4.10. Fluorescent Tracking of Lactobacillus in Direct Contact with Macrophages
Briefly, the recombinant lactobacilli were grown in liquid MRS at 37 °C and washed three times with phosphate-buffered saline (PBS). The L. casei and L. casei ΔPyrR strains were stained with carboxyfluorescein diacetate and succinimidyl ester (CFDA-SE) for 30 min in 1 mL of CFDA buffer at 37 °C on a vertical rotator in a dark environment. To stain all of the cells, the lactobacilli were washed twice with 5 mL of PBS in order to remove excess CFDA-SE. The stained L. casei and L. casei ΔPyrR strains were resuspended into a single-cell suspension with 1 mL of a 1640-cell culture media. The peritoneal macrophages were collected as previously described [35]. The mice were injected into the peritoneum with 5 mL of the 1640-cell culture media for peritoneal macrophage collection. The mice’s abdomens were gently rubbed for 2 min to enable the release of the peritoneal macrophages into the culture media from the abdominal cavity. The peritoneal fluid was sucked out and transferred into a tube, which was subsequently centrifuged for 5 min at 1000 r/min. Then, the macrophages were resuspended with the 1640-cell culture media, which contained 10% fetal calf serum, penicillin, and streptomycin, at 37 °C under a 5% CO2 air atmosphere overnight.

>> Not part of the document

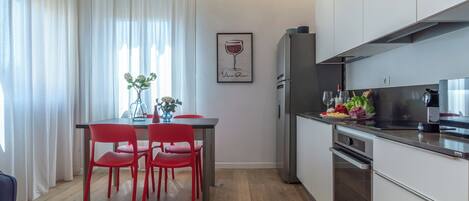 A modern kitchen with a dining area, featuring a table with red chairs, a refrigerator, and a stove.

To explore whether L. casei may promote the polarization of peritoneal macrophages via the pyrimidine production of the PyrR gene, we established the L. casei and L. casei ΔPyrR strains, as well as a peritoneal macrophage co-culture system, which was separately extracted from the mice. The CFDA-SE-labeled L. casei and L. casei ΔPyrR strains were contained inside the collected macrophages and cultured overnight in 12-well plates. After incubation at 37 °C under a 5% CO2 air atmosphere for 7 h, the plates were washed two times with pro-cold PBS and fixed with 4% paraformaldehyde for 30 min at RT. The wells were washed with pro-cold PBS and blocked with 1% BSA for 2 h at RT. F4/80+ served as a macrophage marker, which was used to measure the activity of the peritoneal macrophages with respect to the stimulation of pyrimidine production from the L. casei PyrR gene. The peritoneal macrophages were blocked via incubation with anti-F4/80 antibody binding for 30 min at RT in a dark environment. Then, the peritoneal macrophages were washed and stained with DAPI for 10 min, and images of them were captured via fluorescent microscopy (Leica Microsystems, Madrid, Spain).
4.11. Data Analysis
The metabolomics data were analyzed using different modules of the web-based platform MetaboAnalyst (https://www.metaboanalyst.ca, accessed on 24 October 2022). The data were normalized using logarithmic transformation and auto-scaling. Fold change analysis and t-tests were conducted to determine the fold change and significance of each identified metabolite. This process was performed in triplicate, and all of the groups were examined according to their independent measurements to adequately support the statistics and results derived from our experiments. The average recovery and colonization times over time were compared between groups using the repeated-measures analysis of variance model with Bonferroni’s correction using SPSS 26 software (IBM). Statistically significant effects (p < 0.05) were further analyzed, and mean values were compared using Tukey’s significant difference test.
5. Conclusions
Taken together, our findings illustrate that we successfully constructed an auxotroph for PyrR-deficient L. casei. The evidence presented in this study shows that the PyrR gene is an active and key component in the regulation of pyrimidine biosynthesis within the metabolic profiles of a L. casei supernatant. Furthermore, this supernatant inhibited the growth of a wide range of pathogens in vitro. The complementary regulation of PyrR-deficient L. casei could not inhibit the growth of pathogens nor enable immune regulation in macrophages collected from mice. Thus, the deletion of PyrR in L. casei resulted in the loss of the probiotic characteristics of antimicrobial antagonism and immunoregulation.
Author Contributions
Data curation, Z.Q., Z.N. and Y.T.; Formal analysis, G.L.; Funding acquisition, X.J.; Investigation, X.H. and W.W.; Methodology, D.L. and X.J.; Writing—original draft, S.C. All authors have read and agreed to the published version of the manuscript.
Funding
This work was supported by the National Natural Science Foundation of China (Grant number: 31902169), the Heilongjiang Province Science Fund for Excellent Young Scholars (Grant number: YQ2020C008), and the "Young Talents" Project of Northeast Agricultural University (Grant number: 18QC39).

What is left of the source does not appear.